So I’m on the verge of becoming a hippie. Seriously. I’ve been spending most of my time lately drinking tea, outside by the river on warm days and lighting incense to clear my mind. And music has become more than just my escape. It’s my life now and it’s getting me through everything. I’ve been listening to a LOT of TuPac (Keep Your Head Up is keeping me sane), Nas, Patti Labelle, and Luther. I’m trying to be happy.  Along with that, I’ve cut back on TV, except movies that I own (BTW, Juno equals love. So does 27 Dresses).  But back to me TRYING to be happy-it’s hard. I never knew how UNHAPPY I was in a relationship, until I was UNHAPPY SINGLE! Ironic, I know. But I’m finally on the verge of being completely happy. It took a long time, but I’m finally there.

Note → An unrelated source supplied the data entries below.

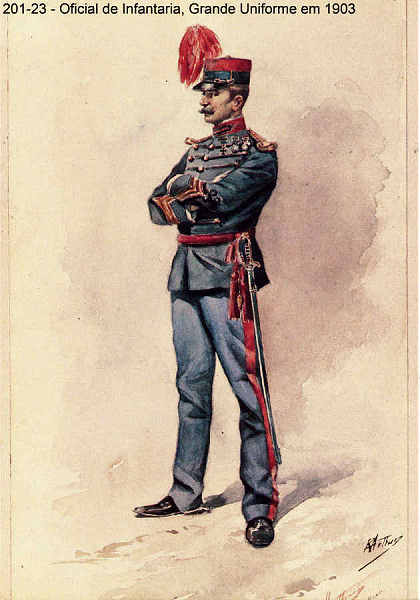 N� 201-23 - Oficial de Infantaria, Grande Uniforme em 1903 - Aguarela do Cor. Ribeiro Artur - Edi��o Jornal do Ex�rcito, 1987 - Dim. 15x10,3 cm - Col. A. Monge da Silva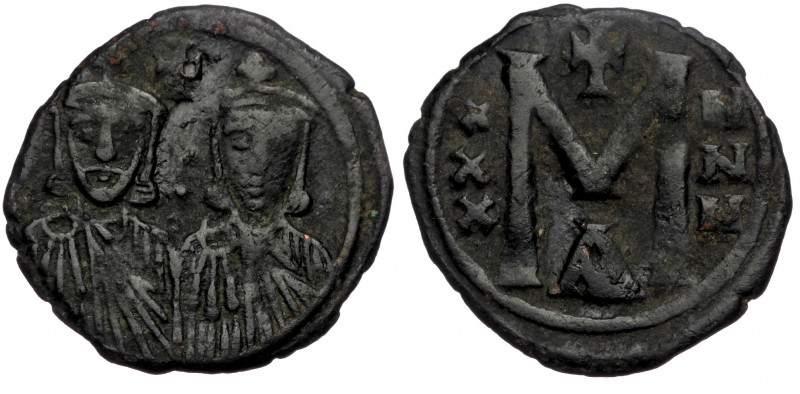 Leo III the "Isaurian", with Constantine V AD 717-741. Constantinople Follis ( B...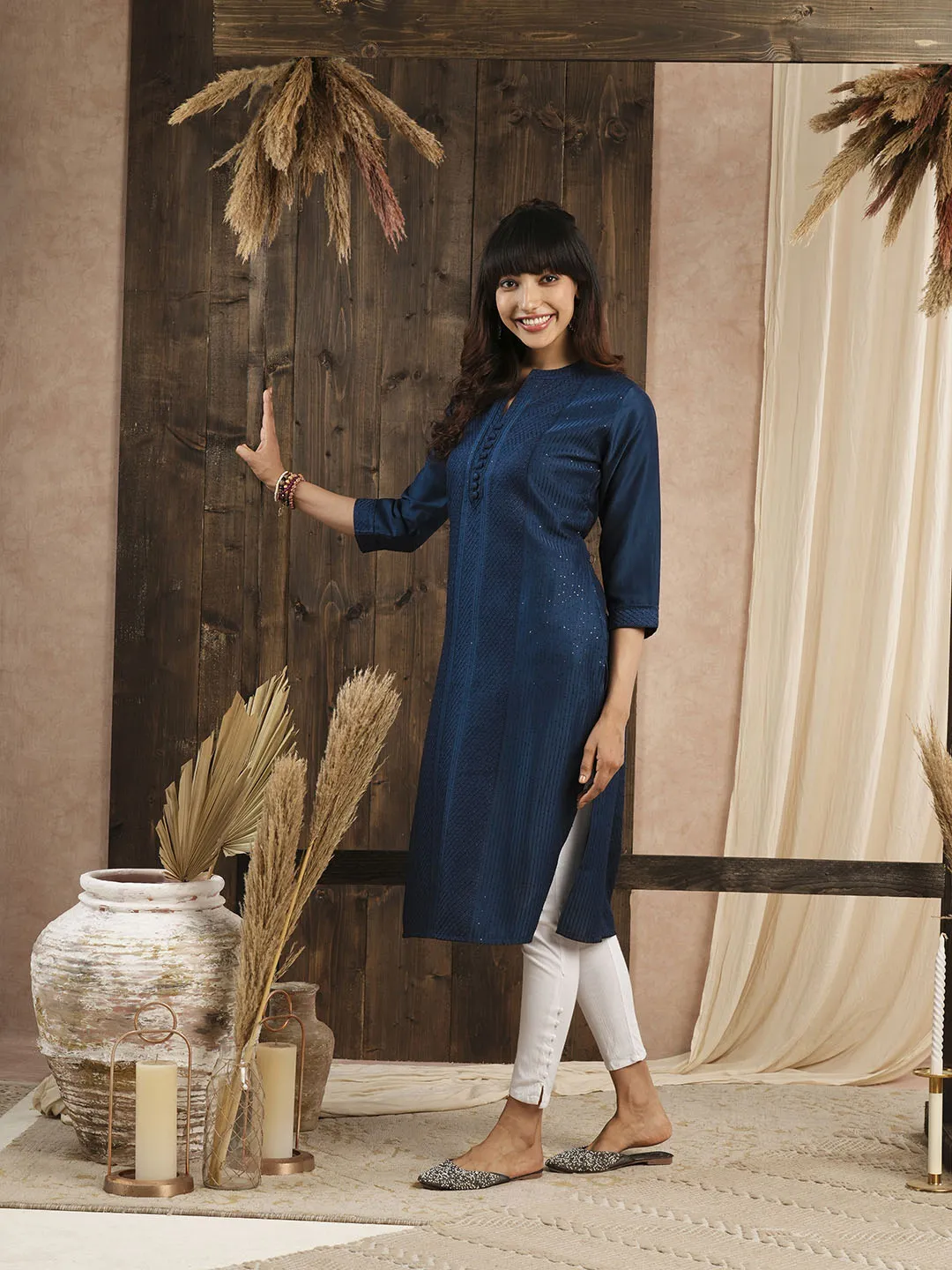 Comfort Fit Teal Chanderi Silk Kurta for Women Online - Zola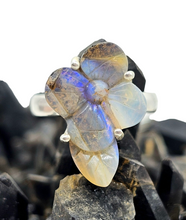 Load image into Gallery viewer, Boulder Opal Ring in a floral design, Size O 1/2, Solid Opal, Australian Opal, Sterling Silver, October Birthstone - GemzAustralia 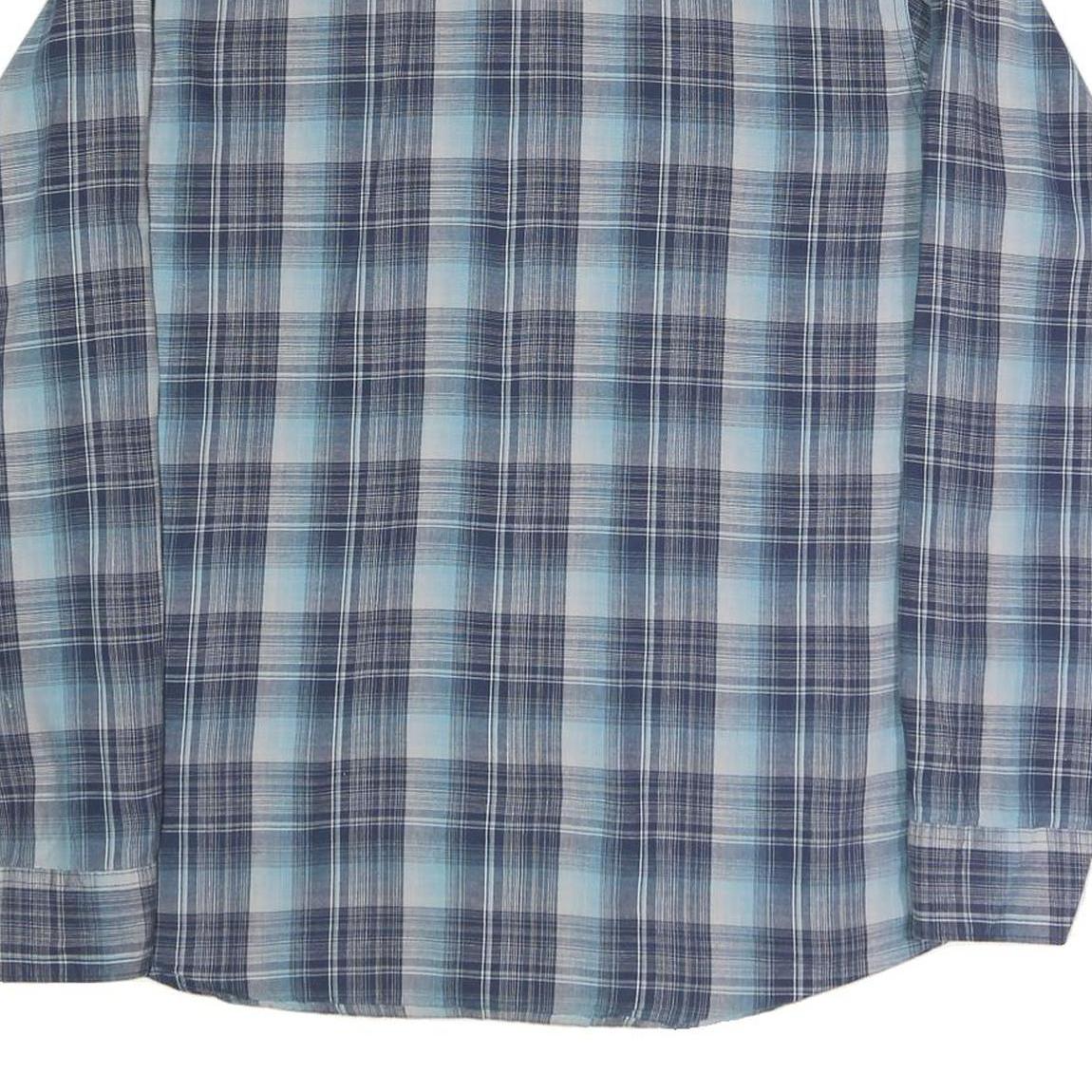 WRANGLER Mens Blue Check Shirt L Lightweight Cotton Blend Casual Button-Up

I’m realizing that I’ve always put everyone’s needs ahead of mine, and now I’m taking care of Courtney. I’m starting small, by being abstinent, and thinking big like maintaining this until a really SERIOUS man comes along or possibly (if I have the willpower) till marriage! It’s been 3 months, and for someone like me, who is used to it every other week, its not that bad. I just get….FRUSTRATED once a week, lol! But I manage. I’m the butt of jokes lately because two of my “friends” can’t seem to understand why I’m doing it or why I’ve become so “spiritual” lately. I don’t really know how to answer it. I’m just like I needed to change, and I finally feel good. Why is it always the ones closest to you that want to see you down? Can’t understand it, but I think it’s just a part of life. Maybe they’re just not as understanding as I thought them to be. It happens.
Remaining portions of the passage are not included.